Empresas Vodafone "antecipa" velocidades da quarta geração nos telemóveis

Vodafone "antecipa" velocidades da quarta geração nos telemóveis

Vodafone explica porque disputou lotes para a quarta geração móvel que nem TMN nem Optimus quiseram. Vamos reforçar a posição de liderança no serviço , garante.
Pedro Santos Guerreiro 01 de dezembro de 2011 às 17:12
A Vodafone explicou hoje em conversa com o Negócios por que razão foi o único operador que disputou dois dos lotes leiloados esta semana, no âmbito do leilão para a quarta geração móvel. A multinacional, que assim liderou o investimento entre todos os operadores, nega qualquer relação entre este leilão e problemas anteriores no serviço de terceira geração. E diz que pagou o mínimo que o Estado exigiu.


O leilão para a concessão de licenças de quarta geração móvel (habitualmente designada pela sigla LTE) decorreu esta semana. Depois de a Zon ter anunciado dois dias antes a sua desistência, ficaram para a disputa final os operadores Vodafone, PT e Optimus. PT e Optimus compraram, ambas, blocos nas faixas de 800 megahertz, 1800 megahertz e 2600 e megahertz, por 113 milhões de euros cada uma. A Vodafone comprou, além disso, também um lote de 900 megahertz por 30 milhões de euros e um segundo lote nos 2600 megahertz (TDD) por três milhões de euros. No total, a Vodafone investiu assim 146 milhões de euros. Dois lotes do concurso ficaram vazios: um de 900 e outro de 2600 megahertz.

“Vamos reforçar a liderança de serviço”

A Vodafone foi assim a empresa que mais investiu na aquisição de direitos de utilização de frequências para a quarta geração móvel. Ontem, o Negócios noticiou que a compra adicional de um bloco na faixa de 900 MHz (uma faixa de terceira geração) permitiria reforçar a oferta em terceira geração (3G) e, ao mesmo tempo, resolver uma contra-ordenação que a Anacom aplicou no início deste ano à empresa precisamente por falta de cobertura de serviço. Hoje, fonte da administração da Vodafone negou qualquer relação entre uma coisa e outra.

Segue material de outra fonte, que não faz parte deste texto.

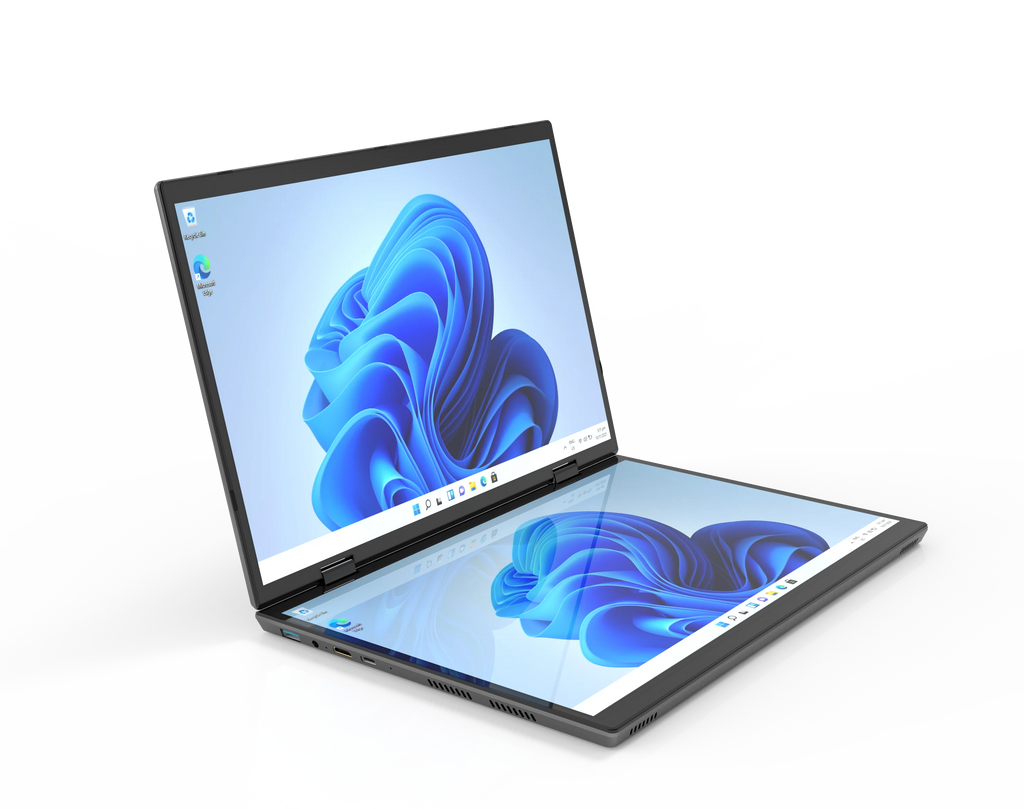 CRELANDER 14 "10.5"Yoga Laptop Intel 12th Gen N95 Processor M2 SSD 2K Dual Touch Screen Laptop Computer With Handwriting Mini PC
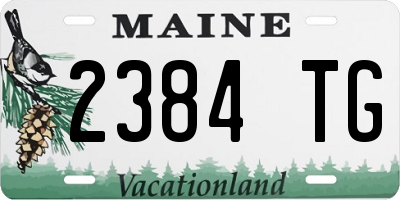ME license plate 2384TG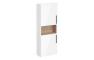 VitrA Root Flat 55cm 2 Door Semi-Tall Unit (LH Hinge) - High Gloss White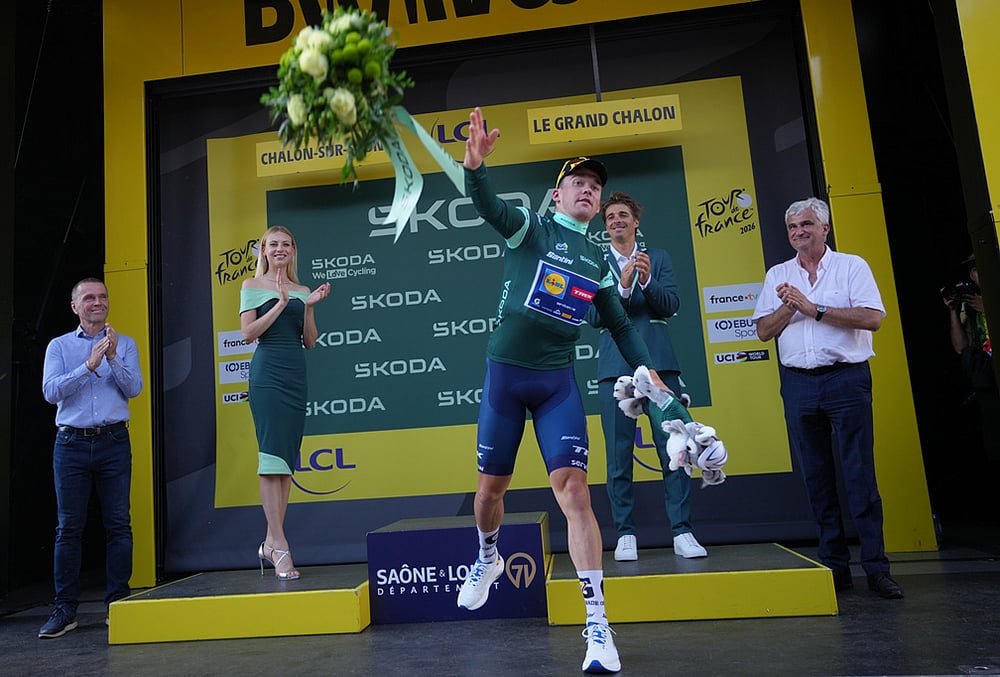 Tour de France 2026 twelfth stage cycling race highlights-Mads Pedersen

“Já temos em Portugal a única rede que permite a melhor velocidade de dados disponível, de 43 megabits por segundo. Com o LTE [quarta geração móvel], será um dia possível ter velocidades de 100 megabits por segundo. Mas essa velocidade só acontecerá quando o próprio LTE estiver disponível, além de outros aspectos, como a oferta dos próprios terminais. Nada disso é imediato. Mas com a faixa de 900 MHz, a Vodafone poderá antecipar uma velocidade de dados que só a o LTE dará mais tarde. A Vodafone vai assim alargar a cobertura qua já tem dos 43 megabits e melhorá-la dentro de edifícios”, detalhou a mesma fonte oficial da empresa.

Isto justifica, segundo a empresa, o investimento adicional da Vodafone em relação aos outros operadores. “Vamos reforçar a liderança de serviço. Por que é que os outros operadores não investiram nestas faixas? Vai ter de perguntar-lhes…”, ironiza a mesma fonte, que acha "curioso" que o facto de a Vodafone ter sido o operador que mais investiu neste concurso de Portugal não esteja a ser valorizado.

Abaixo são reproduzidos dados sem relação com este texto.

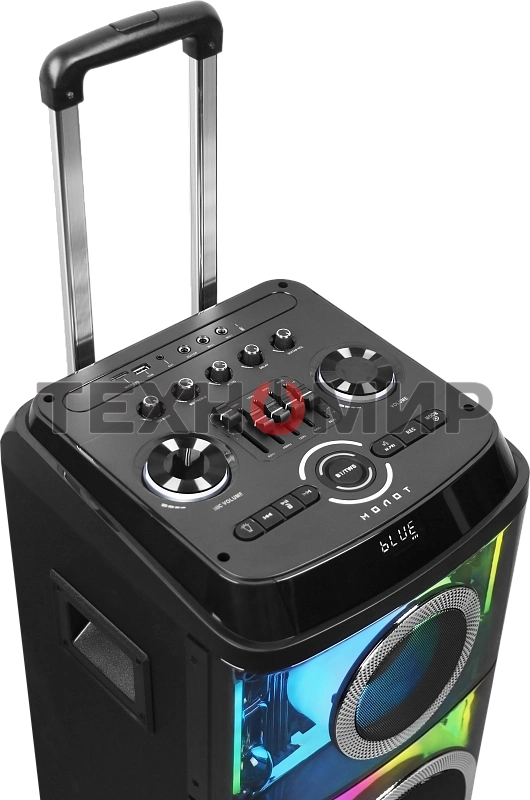 Колонка портативная Ural 103 черный 1200W 1.1 BT/3.5Jack/USB-C 15м 7000mAh (УРАЛ МОЛОТ 103)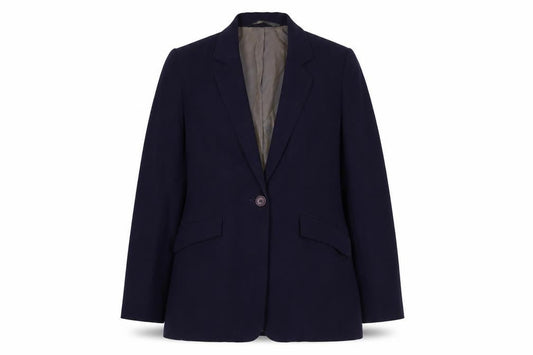 BHS Women Purple Blazer Size 8 Regular Fit One Button Work Jacket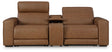 Furniture City Slidell - Ashley Furniture - Magic Man Sectional - 3-Piece Power Reclining Sectional Sofa / Caramel - PCU10700S2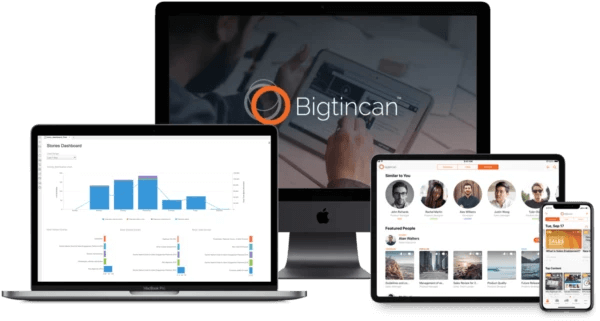 Bigtincan can be accessed on any device.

As questões surgiram também pelo custo suportado pela Vodafone, de 30 milhões para a faixa de 900 Mhz e de três milhões para o lote 2.600 TDD. "Eram os preços de reserva", ou seja, os mínimo da licitação. “Se são caros? Esta é a nossa estratégia: melhorar a qualidade do serviço. Esta é uma opção estratégica da Vodafone".

Multa da Anacom já foi paga

Como o Negócios ontem relembrou, a Vodafone foi multada no início deste ano pelo regulador, a Anacom, em 750 mil euros, por não ter cumprido aquilo a que se propusera no concurso de atribuição de licenças móveis de terceira geração, o UMTS. Hoje, a empresa revelou que já pagou essa multa “resolvendo e fechando a questão”.

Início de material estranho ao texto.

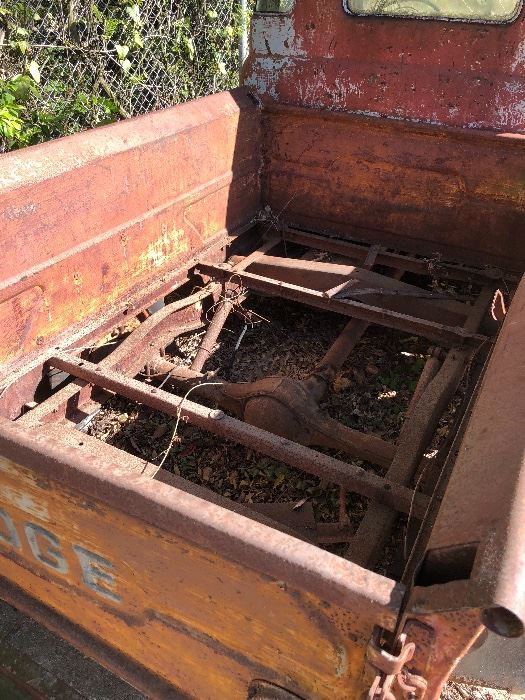 1950s Dodge Truck. Will need to be towed. Great for restoration or decoration. 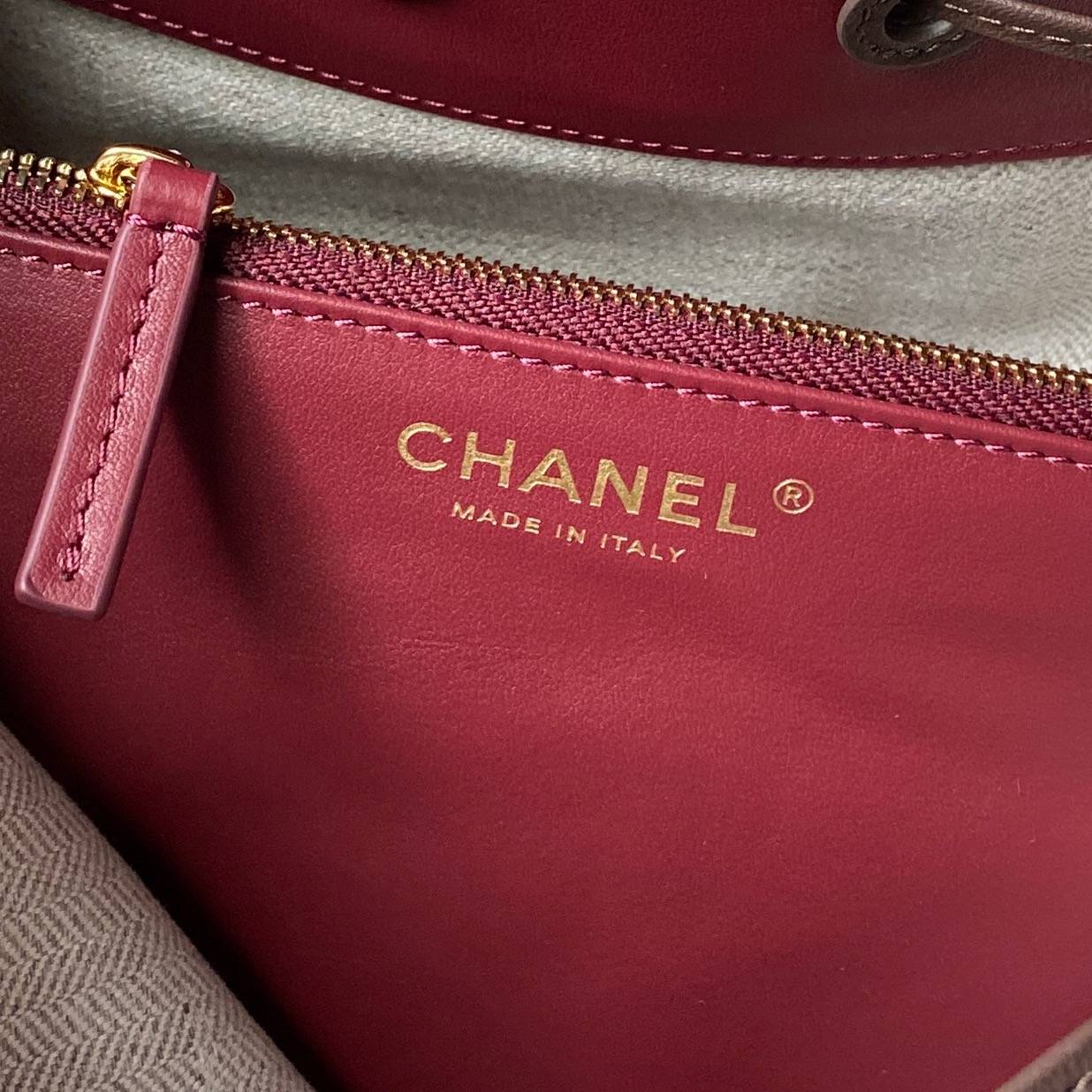 シャネル CHANEL マトラッセ ラムスキン チェーンショルダーバッグ ゴールド金具 レザー編み込みチェーン ブラック - 画像 4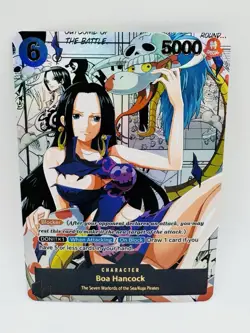 One Piece Goddess Boa Hancock #2 Manga Special DIY Doujin Kawaii Art Holo Card - Image 1
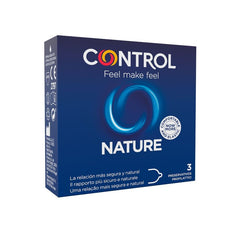 CONTROL - ADAPTA NATURE CONDOMS 3 UNITS - 53Xshop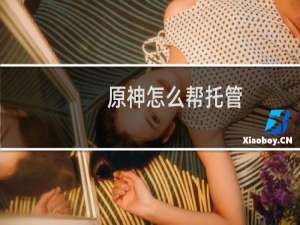 原神怎么帮托管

Questionada se, depois do pagamento dessa multa, a Vodafone tem hoje cobertura suficiente na terceira geração, cumprindo portanto os requisitos do concurso UMTS, a fonte oficial da empresa não deu uma resposta cabal de “sim” ou “não”, apesar da insistência do Negócios para que assim fosse. O que frisou foi que a contra-ordenação da Anacom foi resolvida e que o leilão desta semana “é completamente independente” do leilão. “Nada dependia deste lote de 900 Mhz; o leilão não é determinante nem é requisito para nada que conste das nossas obrigações”.